▸ **What you will do**:
The answer is the exact run of lines in the listing below from the line containing "ASOS DESIGN lounge" up to and including the line containing "NWT Time and", with pictures removed.

▸ **Task input**:
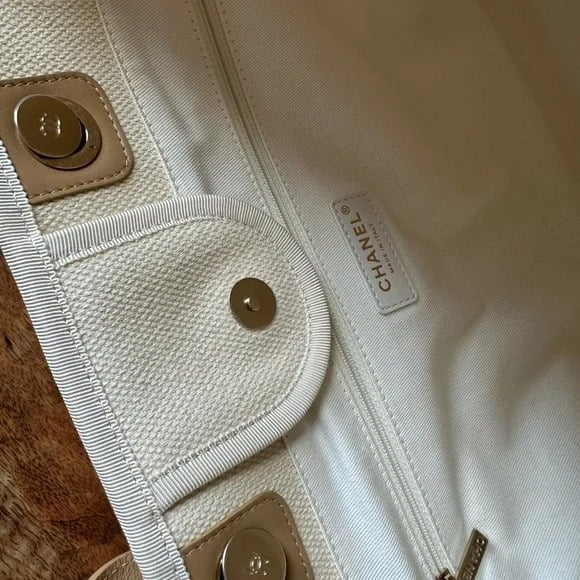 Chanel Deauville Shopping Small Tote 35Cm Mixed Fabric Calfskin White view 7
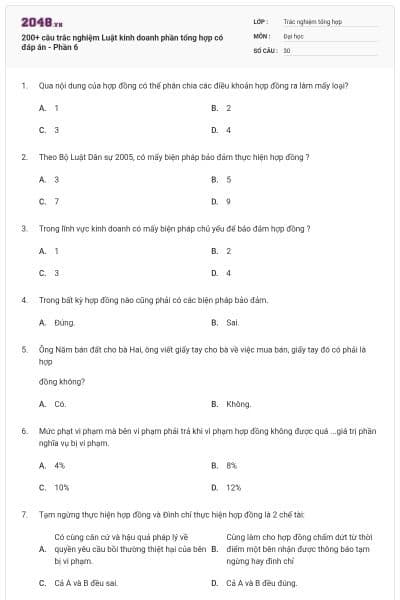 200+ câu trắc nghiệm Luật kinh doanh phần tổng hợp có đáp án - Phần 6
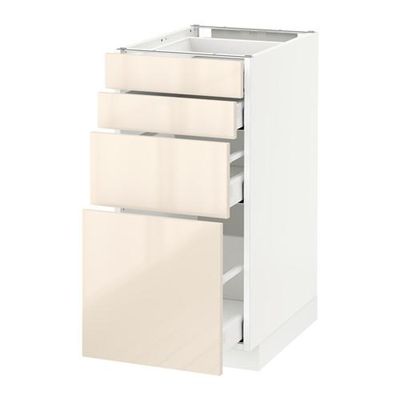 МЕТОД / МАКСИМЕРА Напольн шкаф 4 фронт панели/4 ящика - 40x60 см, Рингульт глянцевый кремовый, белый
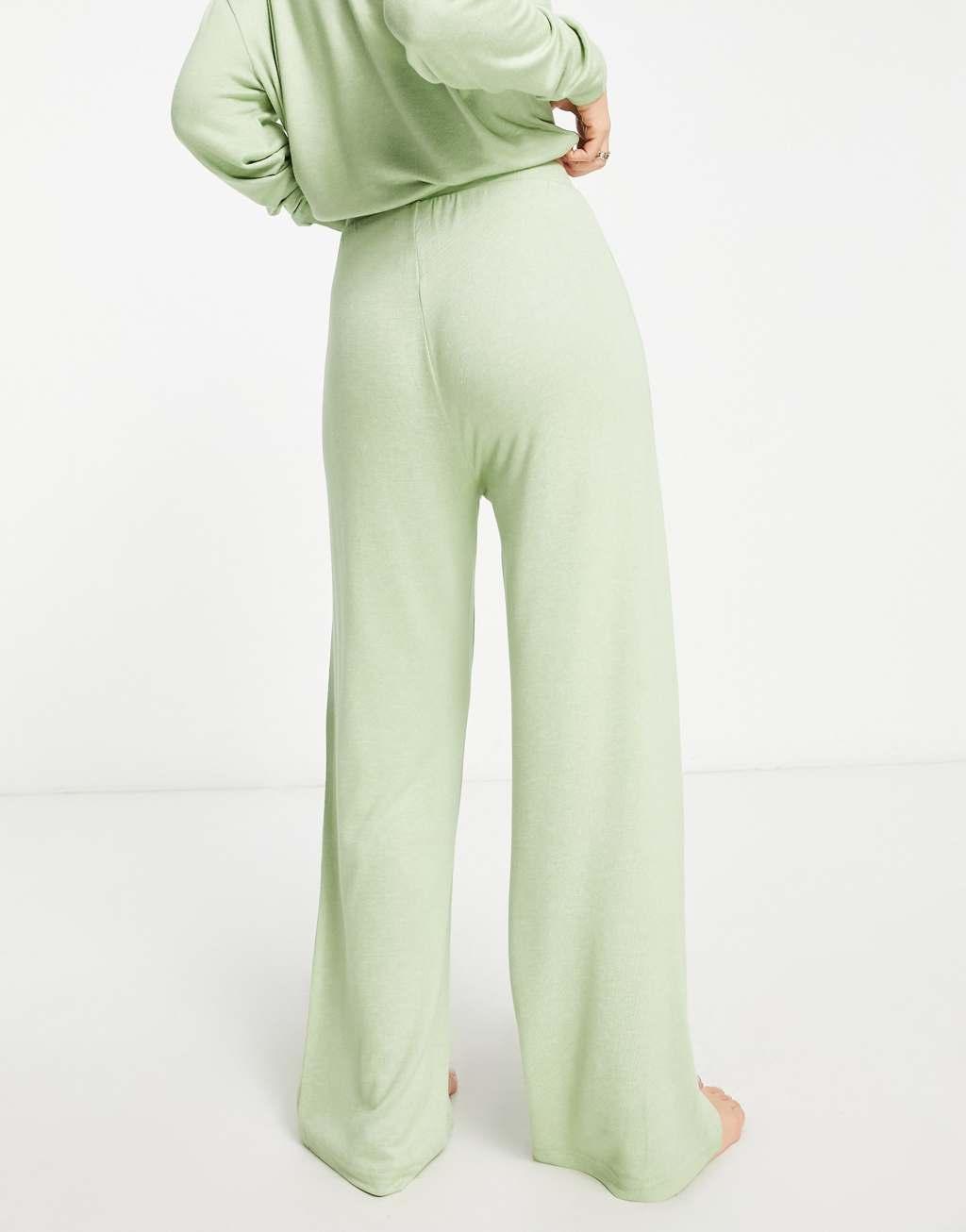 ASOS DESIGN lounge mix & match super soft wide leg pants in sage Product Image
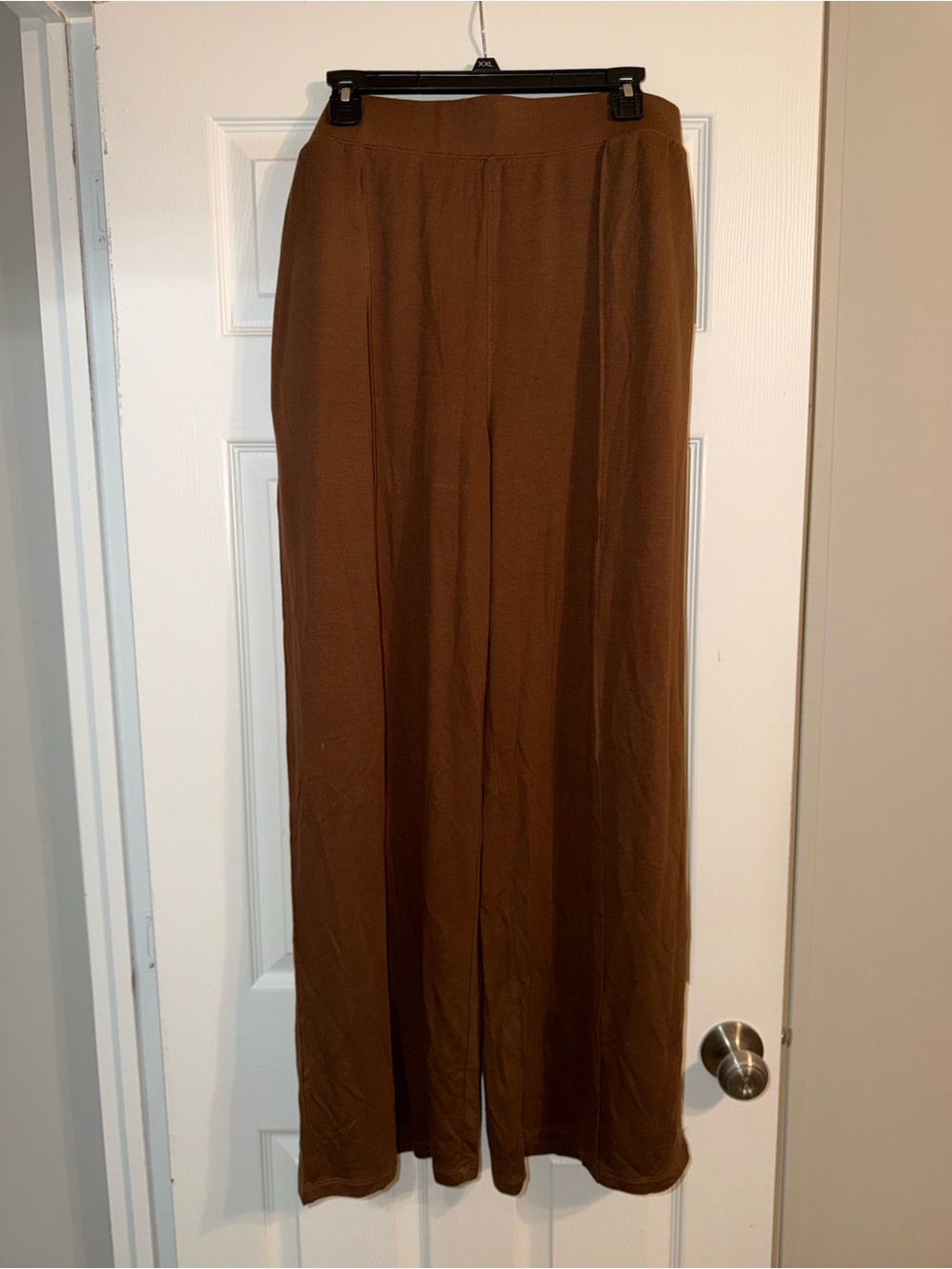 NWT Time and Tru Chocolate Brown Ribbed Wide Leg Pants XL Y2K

* * *

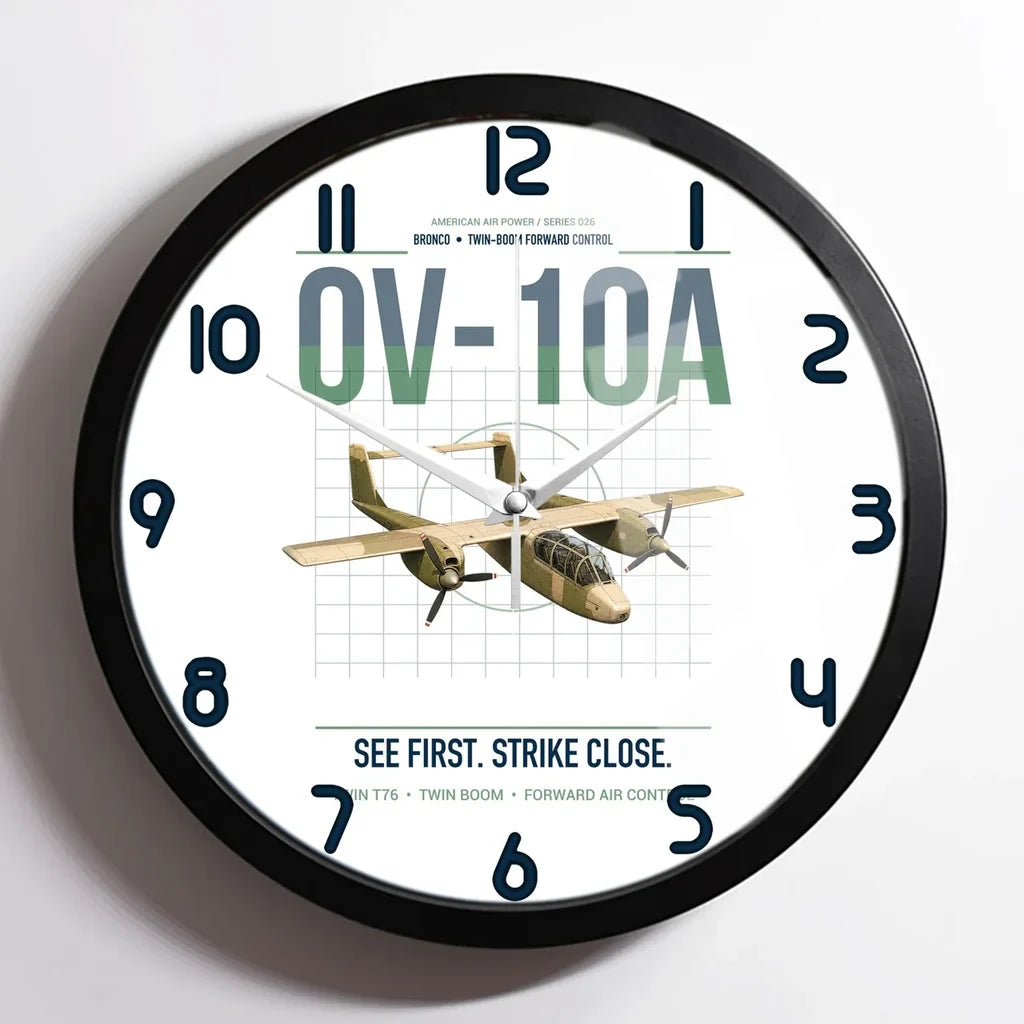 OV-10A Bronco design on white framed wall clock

▸ **Exercise response**:
 ASOS DESIGN lounge mix & match super soft wide leg pants in sage Product Image
 NWT Time and Tru Chocolate Brown Ribbed Wide Leg Pants XL Y2K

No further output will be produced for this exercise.